Wie ist die Situation, was die Genitalverstümmelung von Frauen betrifft?
Diese ist bei uns leider noch immer sehr verbreitet. Dass wir diese Thematik nun aber offen zur Sprache bringen können, ist an und für sich schon ein Sieg. Vor einer Geburt geben wir den künftigen Eltern einen Fragebogen zum Ausfüllen, in dem unter anderem die Frage gestellt wird: «Falls Ihr Kind ein Mädchen ist, werden sie es dann einer Genitalverstümmelung unterziehen?» Diese Frage ändert rechtlich gesehen nichts, aber sie appelliert natürlich ans Gewissen. Wir besprechen heute die Frage direkt mit den Vätern. Schliesslich nehme ich allen meinen Studierenden, die sich in der neuen Universität einschreiben, auch für Zahnmedizin, das Versprechen ab, dass sie sich offen gegen solche Verstümmelungen einsetzen, sonst schicke ich sie wieder nach Hause.

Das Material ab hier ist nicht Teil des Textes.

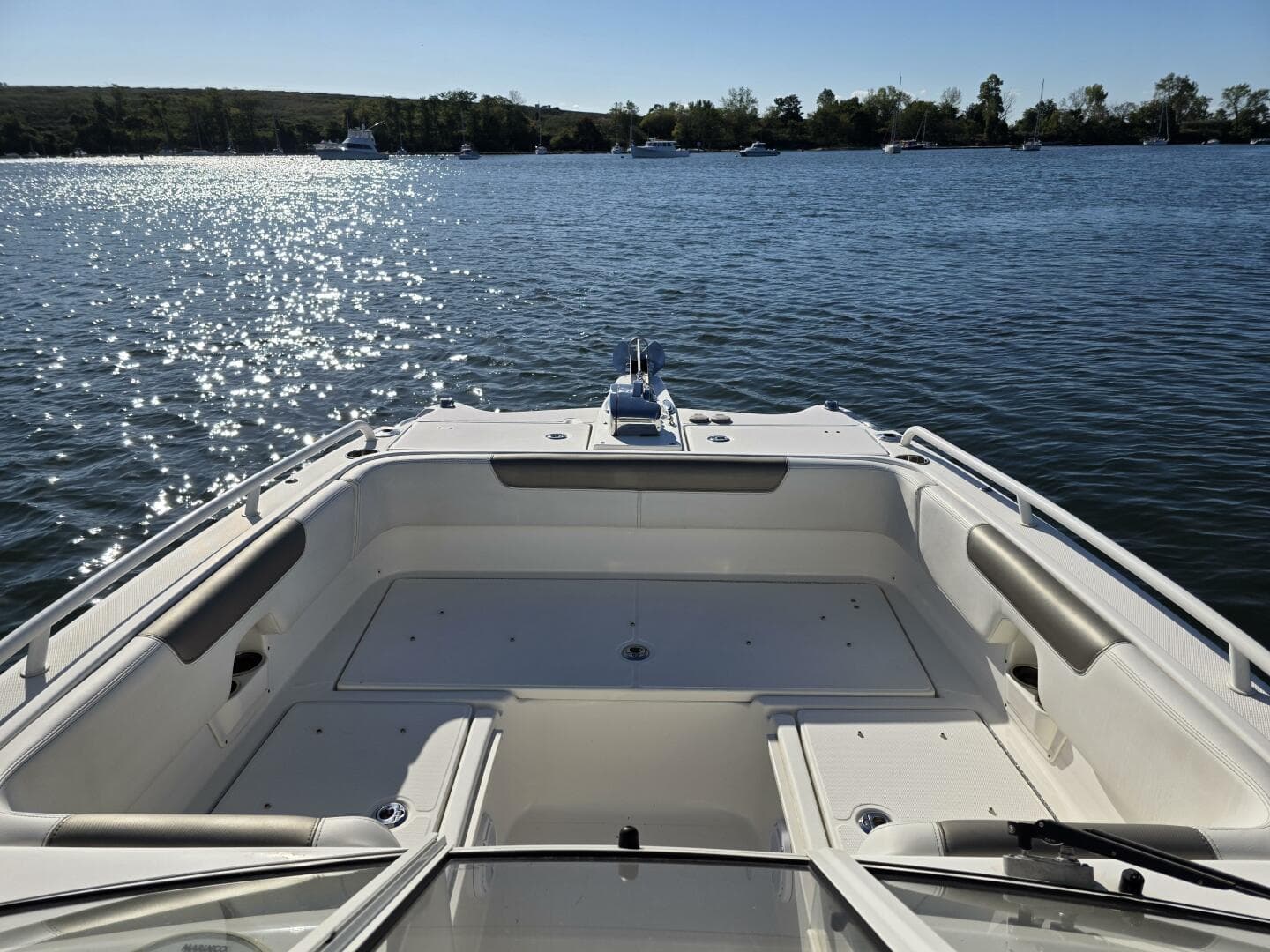 2022 World Cat — photo 27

Was für ein Projekt würden Sie gerne noch realisieren?
Ich möchte die nomadische Bevölkerung stärker unterstützen. Wie bereits erwähnt, fallen die Nomaden durch das heutige Netz des Gesundheitssystems. Notwendig wären wesentlich mehr dezentralisierte Gesundheitseinrichtungen mit medizinischem Personal, das Fieber analysieren kann, Malaria erkennt, Grundleistungen erbringt oder Patienten allenfalls in ein Spital überweist. Dazu braucht es nicht unbedingt Ärzte und Ärztinnen, aber zumindest Pflegepersonal.
Sie machen kein Geheimnis aus Ihrem Alter... bald werden Sie 78. Was wird aus dem Spital und der Universität, wenn Sie beschliessen, sich zur Ruhe zu setzen?

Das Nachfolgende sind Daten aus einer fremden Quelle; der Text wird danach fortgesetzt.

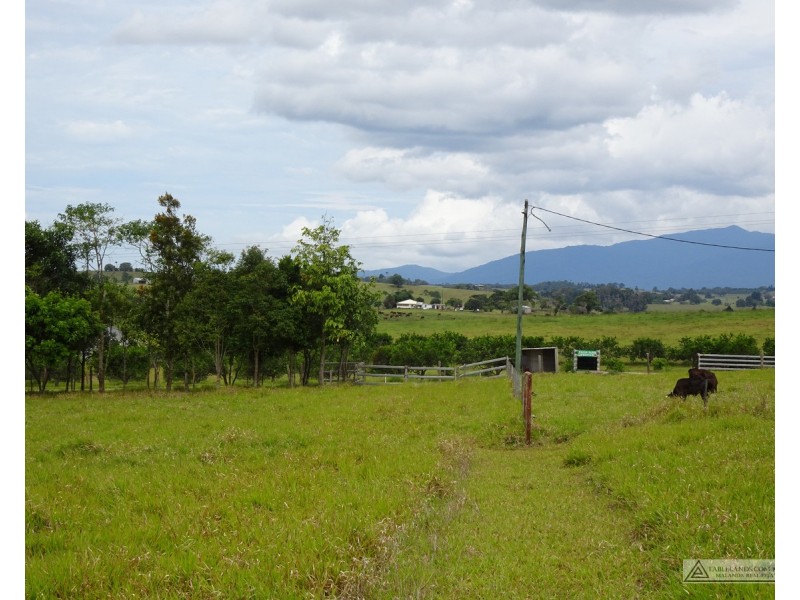 Lake Eacham QLD 4884
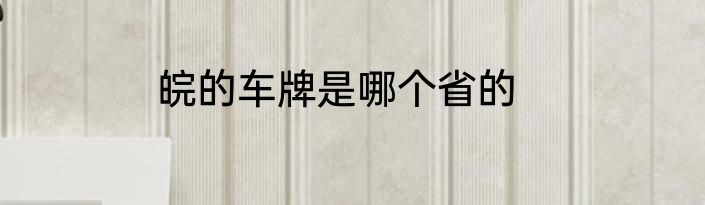 皖的车牌是哪个省的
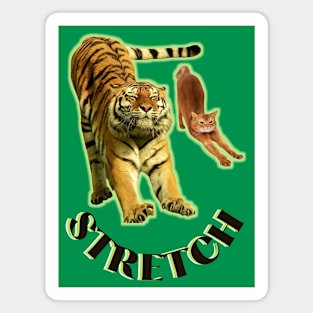 Stretch exercise by a tiger and a cat - black text Magnet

Falls ich morgen sterbe, wird mich das Spital überleben, ebenso wie alles andere, was ich aufgebaut habe. Denken Sie an all das Personal, das ich ausgebildet habe. Ich motiviere die Behörden immer wieder, Projekte mitzutragen. Bei der Erarbeitung der Ausbildungsprogramme beziehe ich die Regierung mit ein und lasse sie unterschreiben, dass sie den Kurs anerkennt und dem ausgebildeten Personal Arbeitsplätze garantiert. Intern im Spital habe ich Bereichsverantwortliche ernannt, die mich ersetzen könnten. Ich verlange von Ihnen echte Professionalität und absolute Transparenz.